By Jeff Anderson with Stephen Done
Published by the Carlton Publishing Group
This is the third edition of a book that was originally published in 2002 and updated in 2004. Merseyside-born Jeff Anderson and Liverpool Football Club’s museum curator Stephen Done are again involved in this update, just as they were in 2004. Interestingly but perhaps unsurprisingly the five players featured on the front cover have also been updated. In 2004 this quintet consisted of Ian Rush, Roger Hunt, Steven Gerrard, Kenny Dalglish and John Barnes. A decade later those last three have retained their places but Hunt and Rush have been replaced by Sturridge and Carragher. This doesn’t diminish anything Hunt and Rush achieved at the club though.
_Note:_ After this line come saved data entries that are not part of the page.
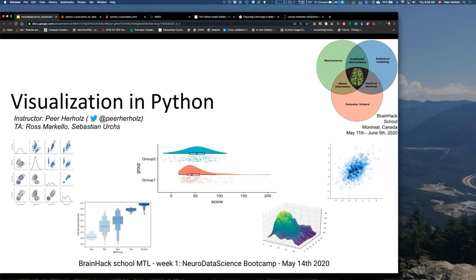Today we're going to talk about visualization in Python. It's not going to be like your classical visualization in Python lecture — not just all the fancy graphics you can do — but more about what visualization is as an approach, as a tool, as a resource, and how we can do that in Python.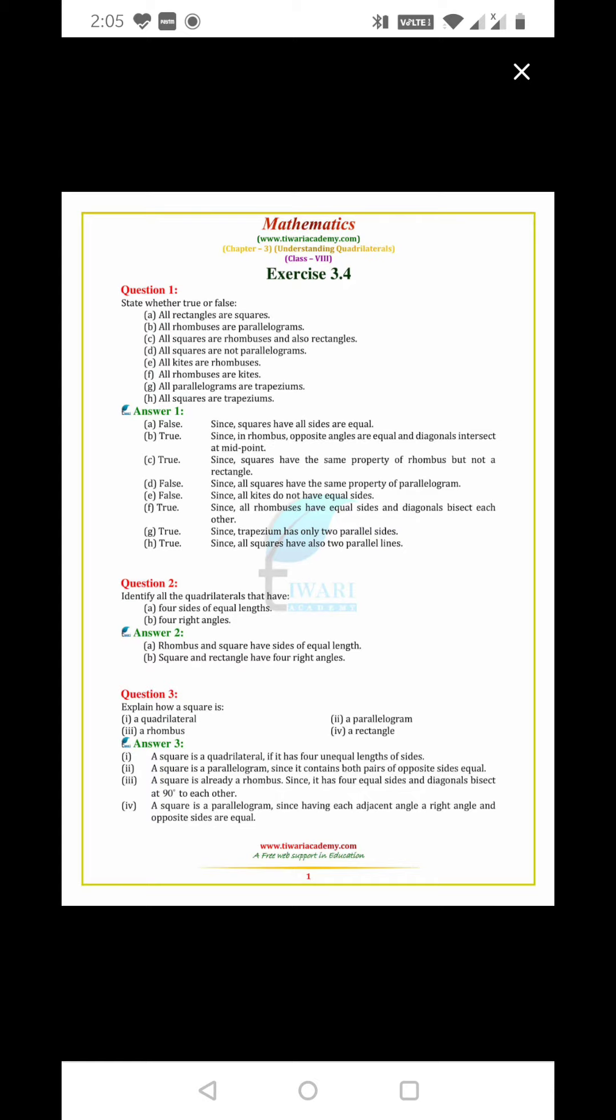Identify the quadrilaterals that have four sides of equal length: rhombus and square. Four right angles: square and rectangle.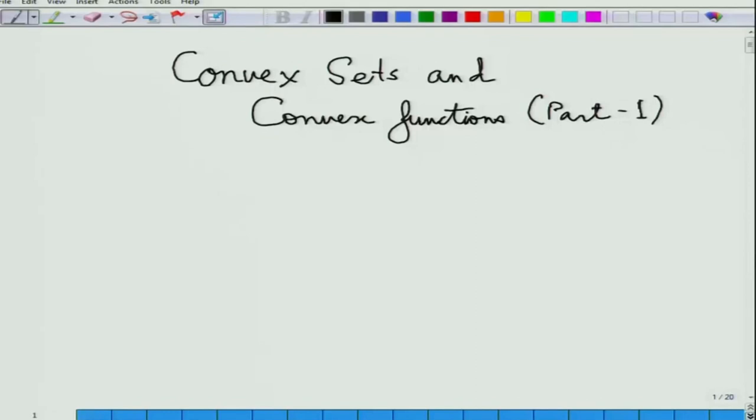Welcome back again to the course on convex optimization. A course on convex optimization is not feasible unless you have some idea about convex sets and convex functions. We have already spoken about convex sets and convex functions in the previous lecture, but let me tell you in a bit more detail about convex sets — what are their important examples — and convex functions — what are their important examples and important properties — which would lead us to understand convex optimization better.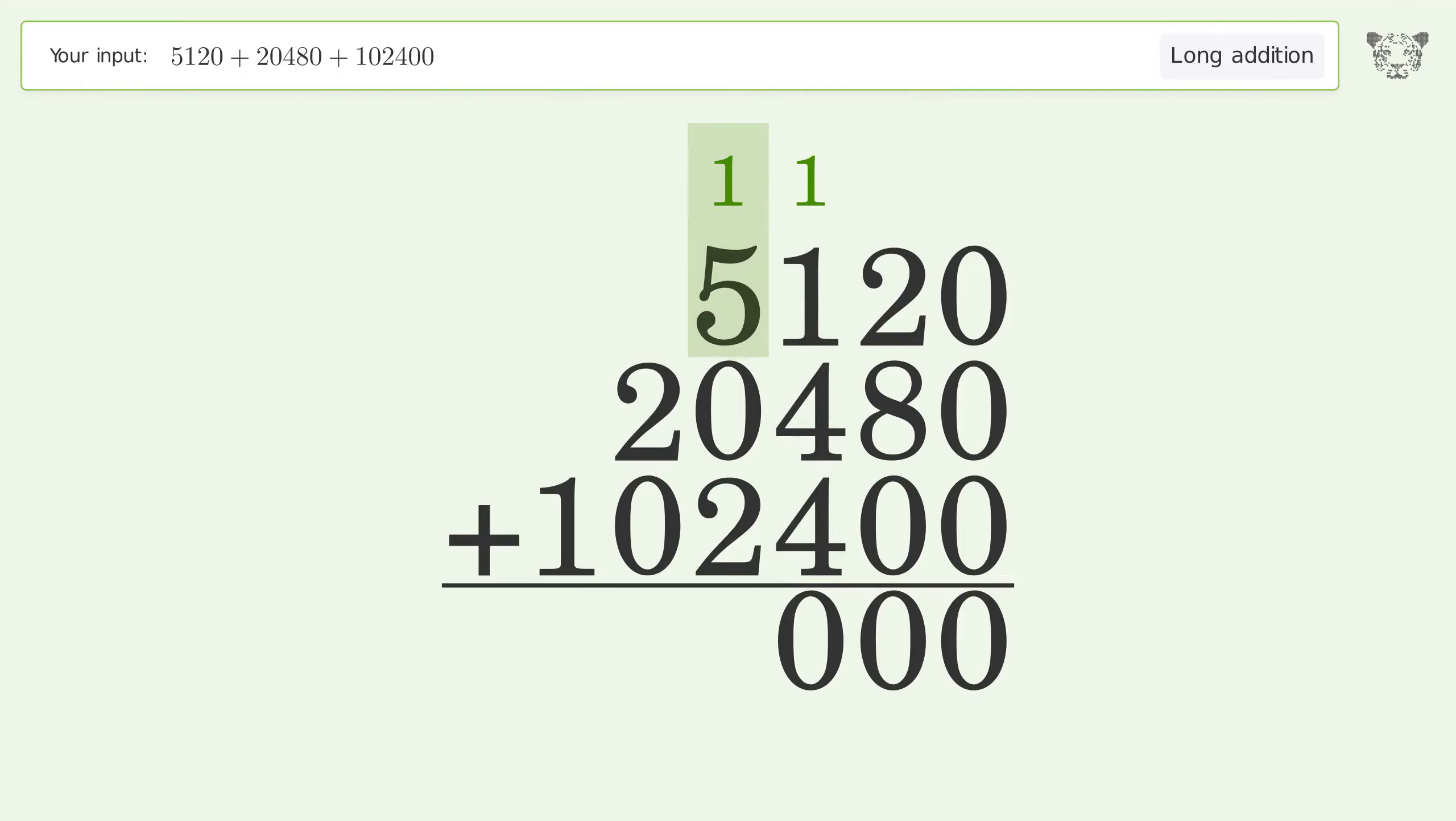One plus five plus zero plus two equals eight. Two plus zero equals two.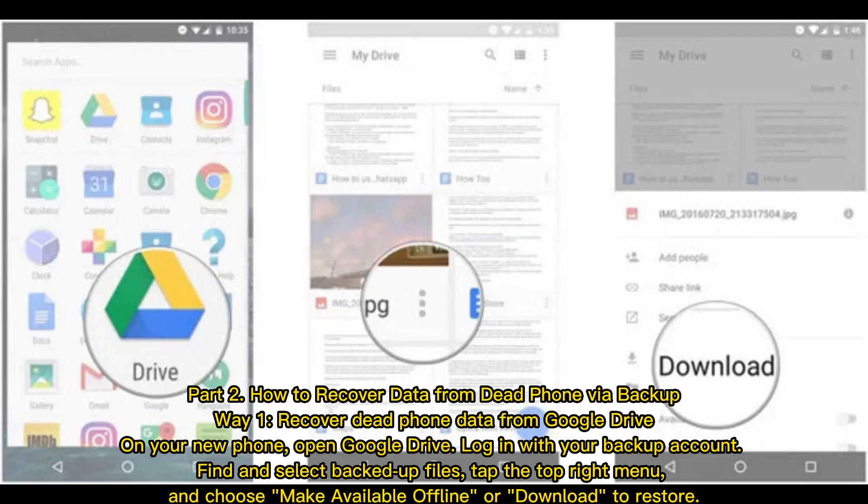Part 2: How to recover data from a dead phone via backup. Way 1: Recover dead phone data from Google Drive. On your new phone, open Google Drive.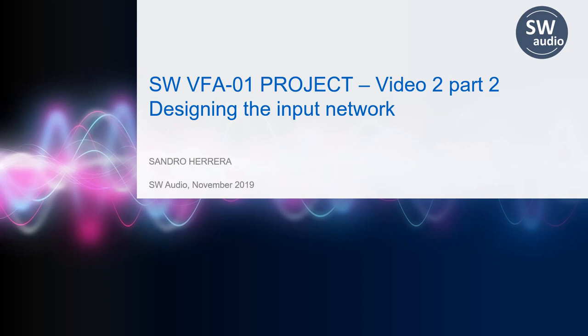Hello friends! Welcome back to the SNW Audio channel. In today's video, we continue with the SNW BFA01 project and will conclude the design of the amplifier's input network. More precisely, we will assign values to the network's components, select the components from DigiKey, and evaluate the performance of the network using LTSpice.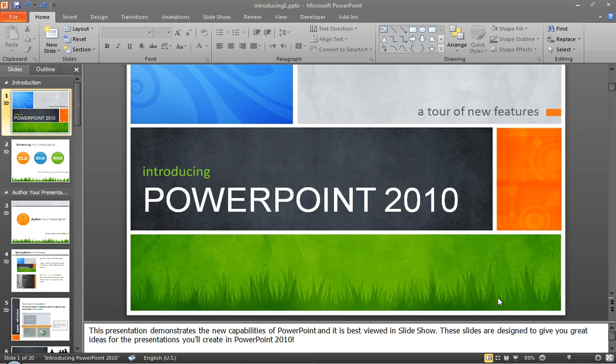Hi everyone. What I'm going to show you today is how to restrict your presentation from being edited.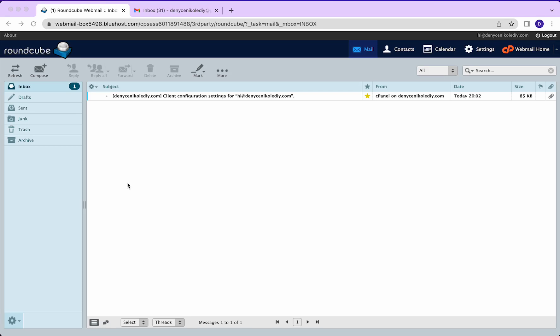All right, for those of you who want to not have to come into RoundCube or Bluehost to check your email that you just created, we're going to forward this to an email box that you are already checking or want to check.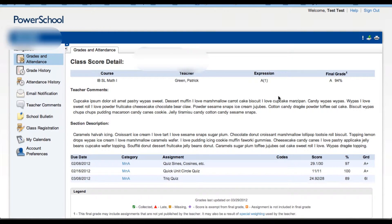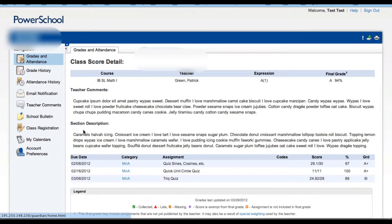If teachers have included an individual comment about your child, you'll see that under the teacher comment section here. Beneath it, under section description, teachers may have written about the class in general.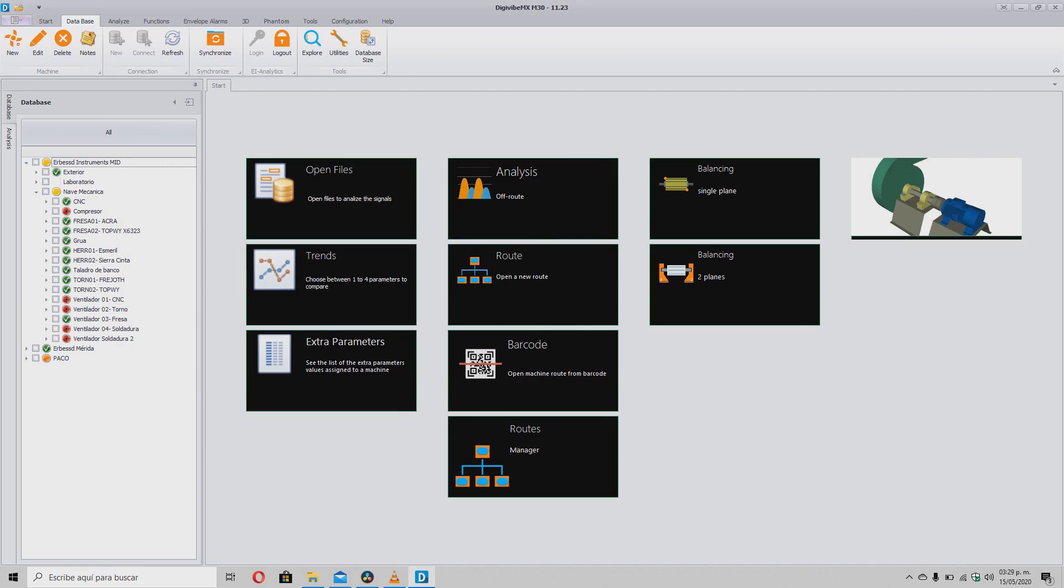It is also possible to perform the process in reverse, from a local database to a cloud database. And for this, all you have to do is select an EA Analytics database in the destination to upload all the data from the synchronizer.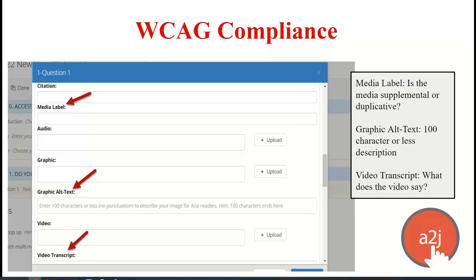Our learn more section underwent a WCAG (Web Content Accessibility Guidelines) compliance audit and upgrades in the summer of 2020. We added additional fields for authors to increase interview accessibility, including a media label indicating whether media is supplemental or duplicative, graphic alt text of 100 characters or less describing the image for a screen reader, and video transcripts for any sound in included videos. All of that increases accessibility and allows you to add information at the point the end user needs it.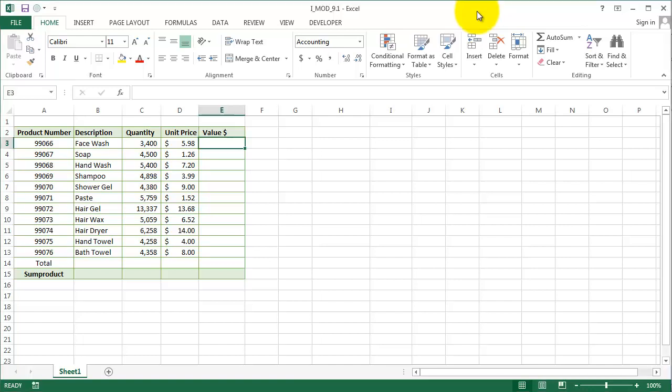Welcome to our module 9.1 in intermediate Excel. In this video exercise, we'll look at how to use a SUMPRODUCT function. SUMPRODUCT is a great function which Excel introduced in Excel 2007. Let's take a look at our example.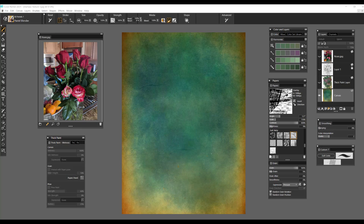Hi, I'm Karen Bonnaker, Painter Master, and I'm here to set you up with a really fun tutorial that I think you'll enjoy. What we're going to be doing today is a still life based upon the reference image that you see right here of some beautiful summer roses.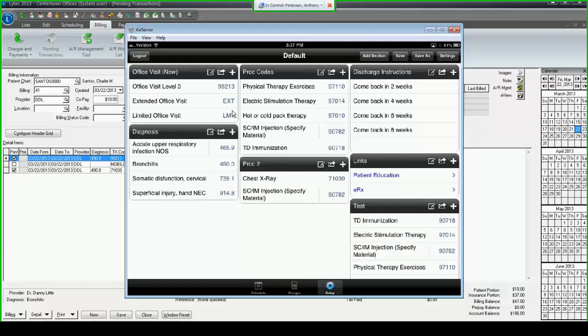LIHTC Mobile makes it very easy for you to customize and create a super bill that can completely replace the paper super bills you're using in your office today. It increases the speed that you can enter charges into LIHTC. We have some offices that have reported back to us that they've seen a 60% increase in speed of data entry after adopting LIHTC Mobile. If you are interested in learning more about LIHTC Mobile, I would encourage you to reach out to your local value-added reseller. Thank you for joining us. Have a great day.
Both receive extensive coverage inside, as befits the combined total of six hundred and thirty-two Liverpool first-team goals they scored.
Liverpool F.C. is now in the one hundred and twenty-third year of its existence. Like most clubs there have been highs and lows, although it is fair to say that the highs have been greater than almost anyone else’s. Conversely the lows have been hard to bear because two terrible tragedies four years apart in the Nineteen-Eighties cost one hundred and thirty-five lives. The club has a rich history anyway and you have to mix the good with the bad because that is the only way you can get the overall picture. Parts of the story and indeed the whole story have been told many times before. But I doubt if the story has ever been told before as it is here with wondrous photographs, many of which are probably being published for the first time, supplementing the text. I suspect that Stephen Done’s ‘day job’ has been largely responsible for that because more items of club memorabilia must have passed through this man’s hands … or at the very least been seen by him … than any man in history.
This is a big, glossy hardback book … and it doesn’t come cheap but hardback books rarely are, not when they first come out anyway. In that respect it is difficult to assess what its target-market is because it isn’t a biography or an autobiography; it is a story. Perhaps it is mainly aimed at younger supporters keen to learn more about the club’s whole life rather than long-standing supporters who have read and heard most or all of it before ? Personally, I found the early chapters particularly interesting because there seems to have been a real revival in recent years of publications revealing what football was like before the First World War and between the two World Wars. I don’t think the text has changed greatly from the initial print-run in 2002 except of course that there has been much to add since the second print of 2004 with a fifth European Cup to be added to the roll of honour plus one more success in each of the two domestic cup competitions; to which can be added the turmoil of ownership issues and the sort of hiring and firing of managers that goes on at most clubs big and small.
Although it is hard to see how the cost of this book could have been set much lower, the cover-price might be out of reach for many considering it as a single present. It comes more into the category of what are usually described as coffee-table books. What is beyond doubt is that the club’s history has been covered in an extremely thorough way by two men for whom supporting that football club has become a way of life. So they are both to be commended for putting this update together in the way they have, especially with regard to the previously-unseen photographs.